Bisogna partire dalla gerarchia dei rifiuti che richiede, per prima cosa, di attuare le necessarie misure volte alla prevenzione della produzione, seguite da quelle finalizzate al recupero di materia. In questo secondo caso è necessario riciclare il massimo quantitativo possibile di rifiuti producendo materia prima seconda. Per quei flussi non recuperabili sotto forma di nuova materia, il recupero di energia è chiaramente da preferirsi rispetto allo smaltimento che, come detto, deve costituire la forma residuale di gestione dei rifiuti. Questi sono i principi della normativa europea. Una corretta gestione dei rifiuti, trasparente, accuratamente monitorata e controllata, può contribuire a superare criticità legate ad una limitata conoscenza del sistema e può limitare le problematiche dovute ad errate procedure gestionali.

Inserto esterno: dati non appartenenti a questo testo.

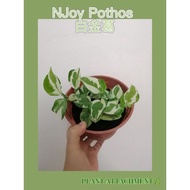 Indoor plant Real Live Money Plant Epipremnum  N-Joy / NJoy Pothos money plant白金葛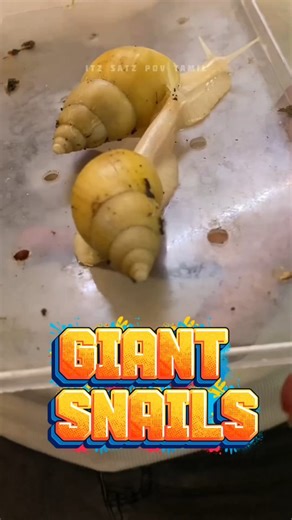 🐾 Zoophilist Exotic Pet Shop Chennai | Part 2 🐾 Snakes 🐍 • Sugar Gliders 🪂 • Hamsters 🐹 • Monster Fish 🐠 • Exotic Birds 🦜 Welcome back to Zoophilist Exotic Pet Shop in Chennai, Thiruvottiyur! This Part 2 vlog takes you deeper into the world of rare exotic pets — from Royal Ball Pythons, Sugar Gliders, Hamsters, Albino Eels, Monster Fishes, Turtles, Lobsters to African Lovebirds, Macaws, Cockatiels & more! 🐢🦞 Get expert tips on pet care, feeding, enclosures, taming, breeding, prices, and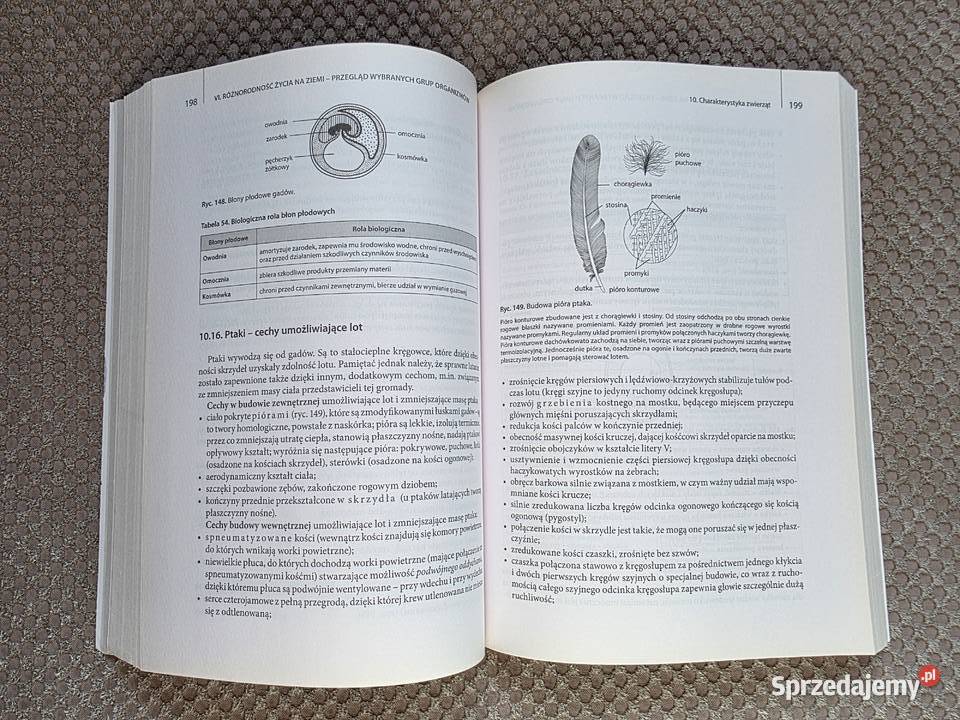 Biologia Vademecum maturzysty Ewa PyłkaGutowska Kraków
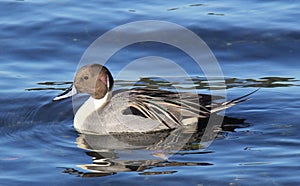 Male pintail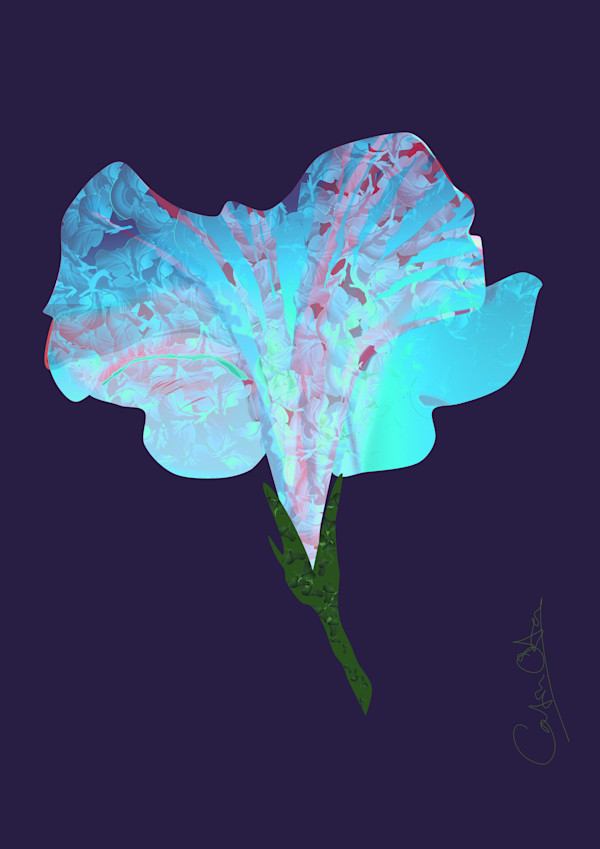 Petunia on Midnight Blue by Catrin O'Hara
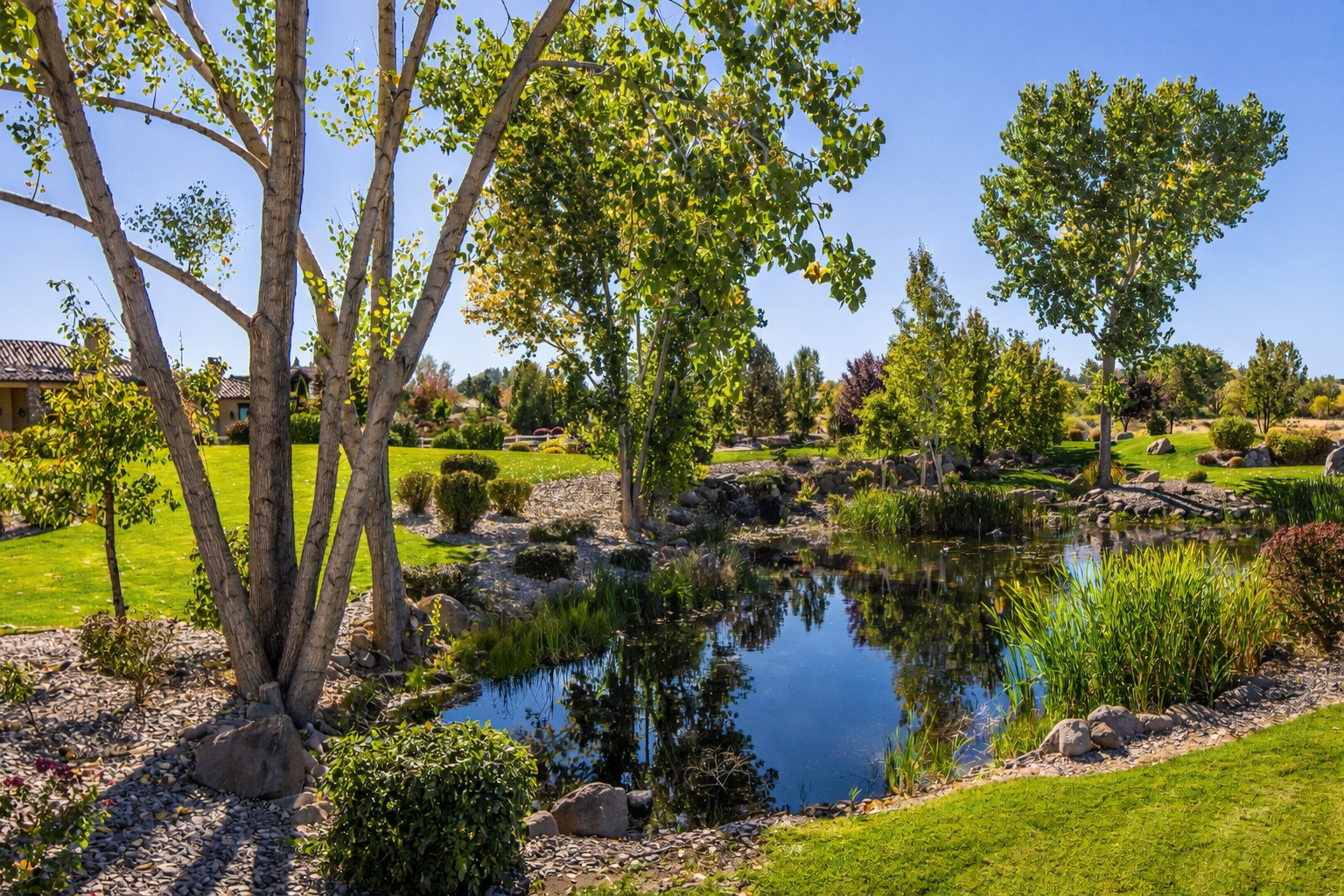 Pond landscape grounds with turf and mature trees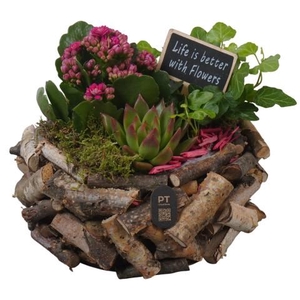 PTIB5251 Arrangementen kamerplanten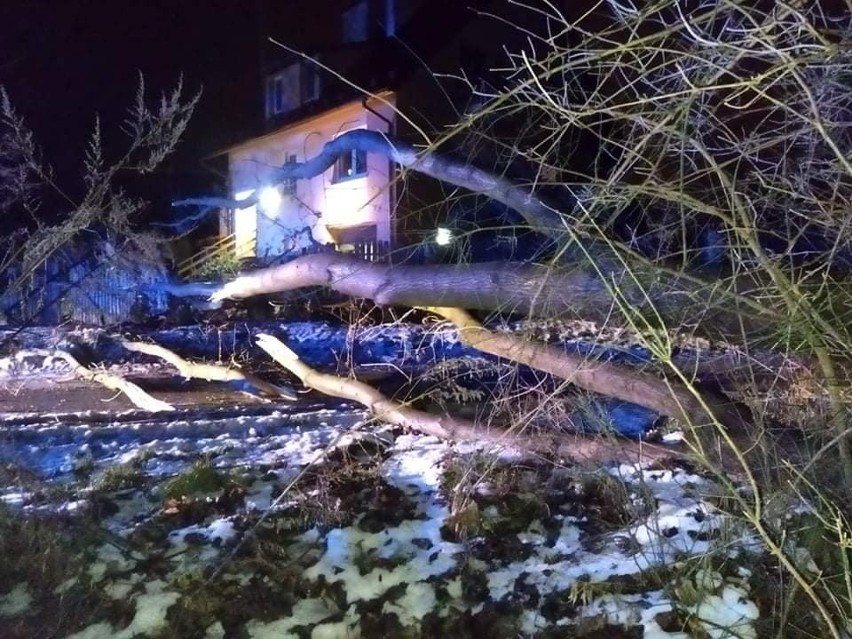 Drzewo runęło na ogrodzenie posesji w Żurawicy pod Przemyślem. Interweniowali strażacy z OSP Orzechowce [ZDJĘCIA]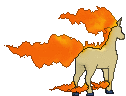 Rapidash XY back
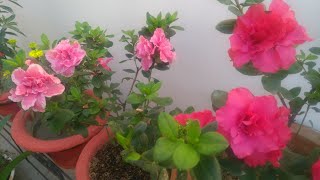 Azalea plant carehow to grow and get more flowers from Azalea plant [upl. by Ahcrop53]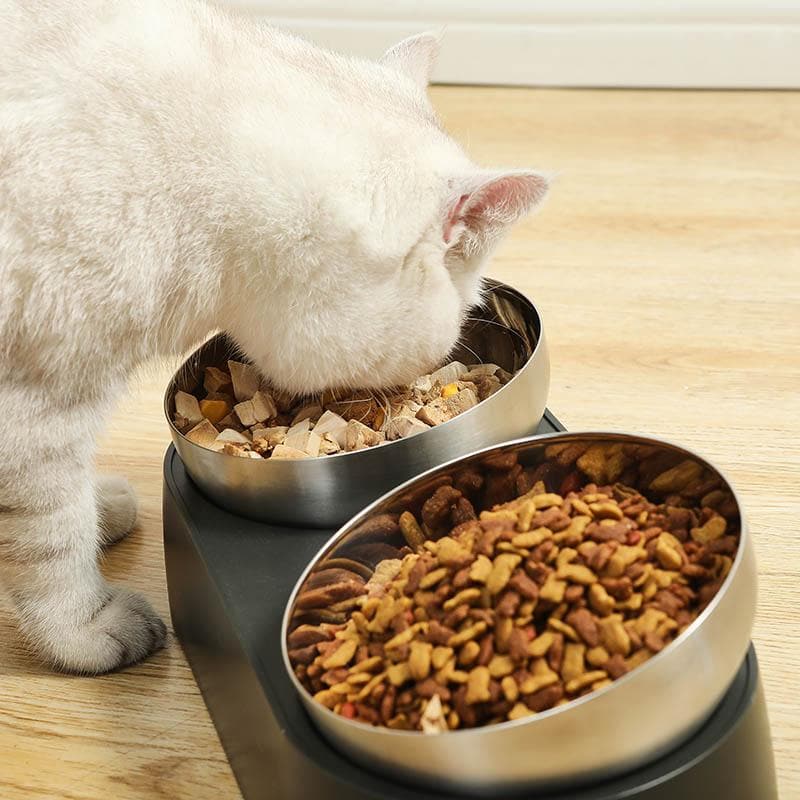 Elevated Stainless Steel Cat Bowl product image 10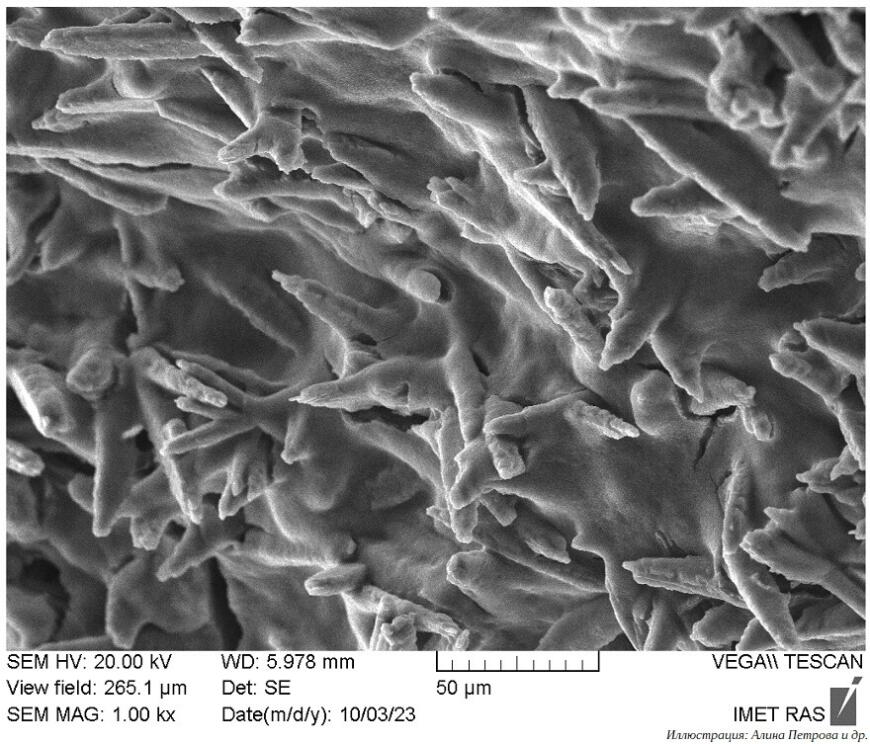 Российские ученые совместно с зарубежными коллегами изучили метод контроля качества 3D-печатных биоразлагаемых имплантатов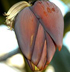 Oman_cultivar_70x70.jpg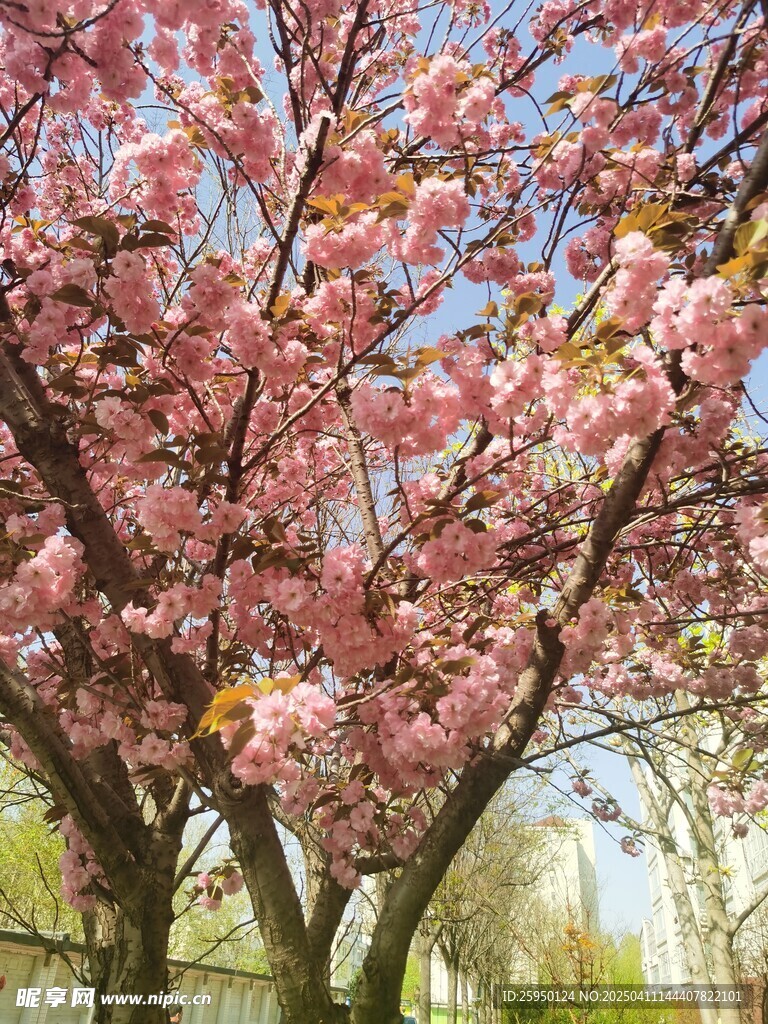 樱花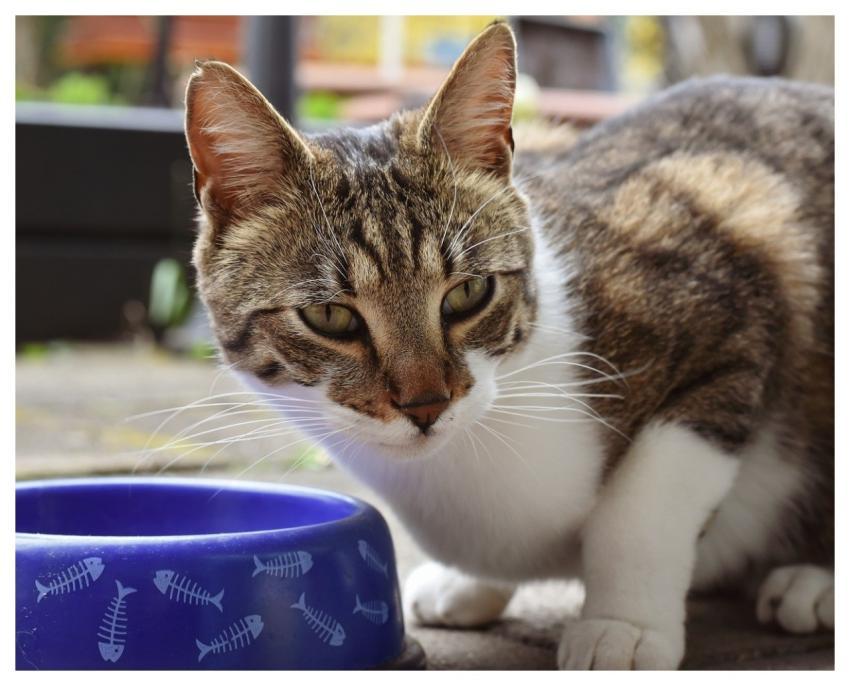 Cat Food Bowl Hunger Wolf Down
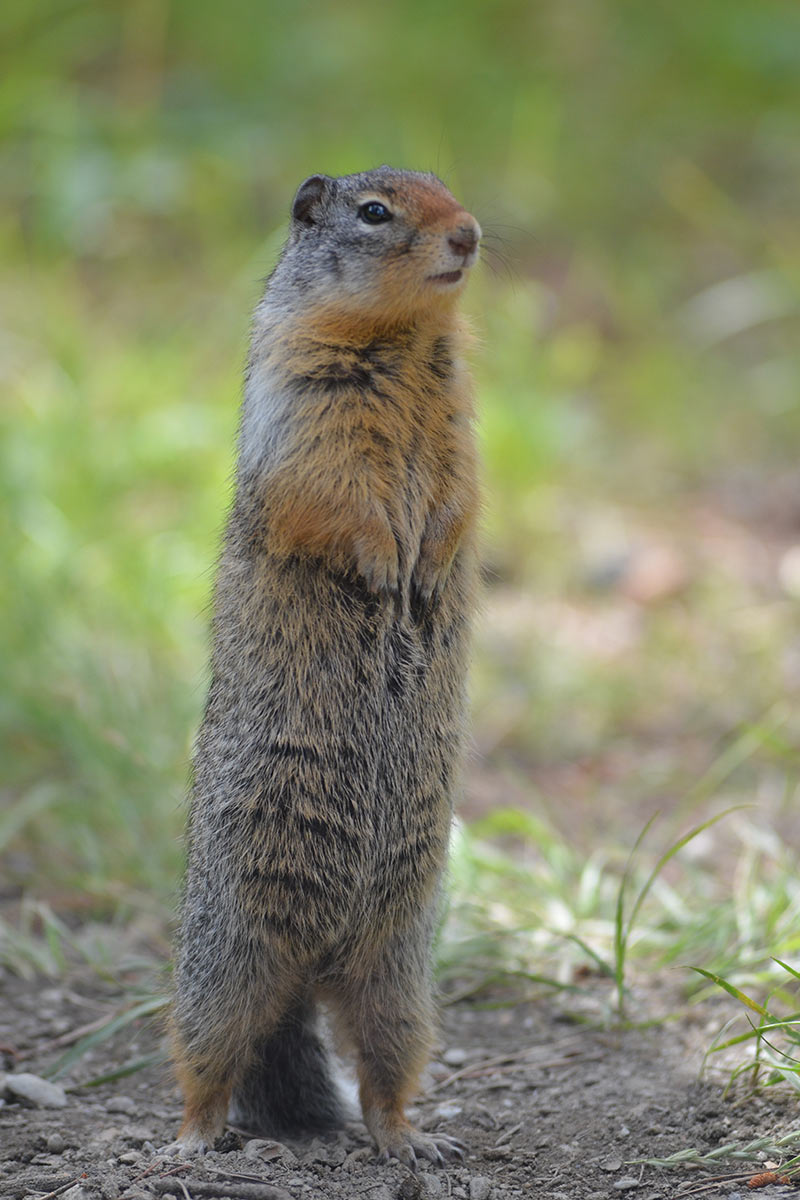 Wächter (Foto: Günter Giese)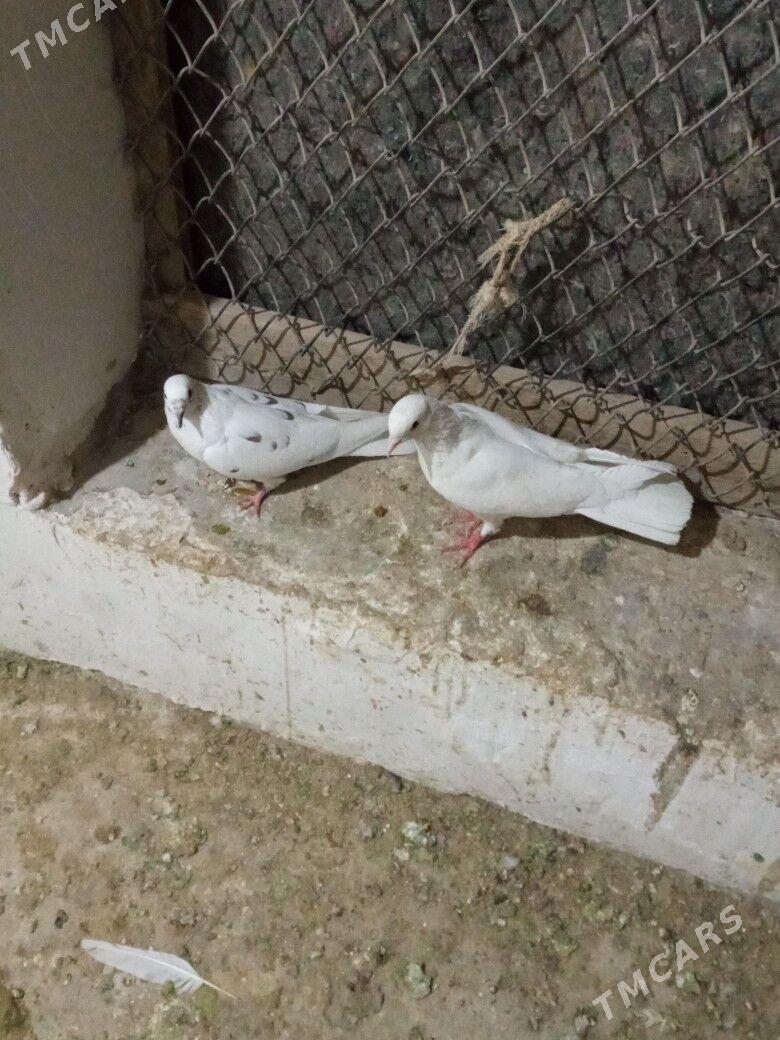 kepderi - Daşoguz - img 4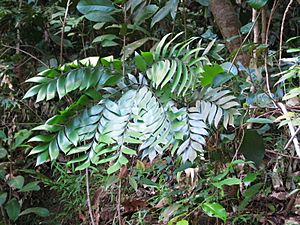 Bowenia spectabilis Daintree 2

Cosa si può fare, su scala nazionale e su scala locale, per rendere chiare le opportunità legate a questa filiera, e magari per sfatare i “falsi miti”, spesso molto radicati territorialmente, che legano il trattamento dei rifiuti alle emissioni inquinanti o nocive per la salute?

L’Italia, da sempre povera di materie prime, tende naturalmente all’economia circolare fin da quando questo termine ancora non esisteva. Abbiamo tratto molte delle nostre risorse da quel che già avevamo. Questo ci ha avvantaggiato in tanti settori: prendiamo per esempio le nostre cartiere, che da sempre hanno utilizzato il macero, o pensiamo ai rottami di metallo, che addirittura continuiamo a importare.
Oggi non dobbiamo e non possiamo perdere occasioni a causa di un’incapacità di innovazione tecnologica o di un’insufficienza di investimenti nella ricerca. Potrebbe nascerne uno svantaggio competitivo che si farà sempre più pesante.
Sul trattamento dei rifiuti, le disposizioni regolamentari si sono sempre più concentrate sullo sviluppo di procedure e sistemi finalizzati a garantire una gestione adeguata e volta al massimo contenimento dell’impatto sulla salute e sull’ambiente. Si tratta in ogni caso di un settore che risente di diverse criticità, anche dovute ad eventi poco edificanti, che hanno inevitabilmente influito sulla fiducia dei cittadini.
Lo sviluppo di sistemi in grado di aumentare l’accuratezza e la rapidità di elaborazione delle informazioni e di diffusione delle stesse, può contribuire a superare alcuni elementi critici, fornendo dati certi e immediati che possono consentire di rimuovere incertezze e dubbi sulle tecnologie adottate. Uno strumento utile per superare sfiducia e diffidenza potrebbe quindi essere un ulteriore sviluppo e diffusione di procedure certe e trasparenti, contraddistinte dalla presenza di informazioni accurate e tempestive.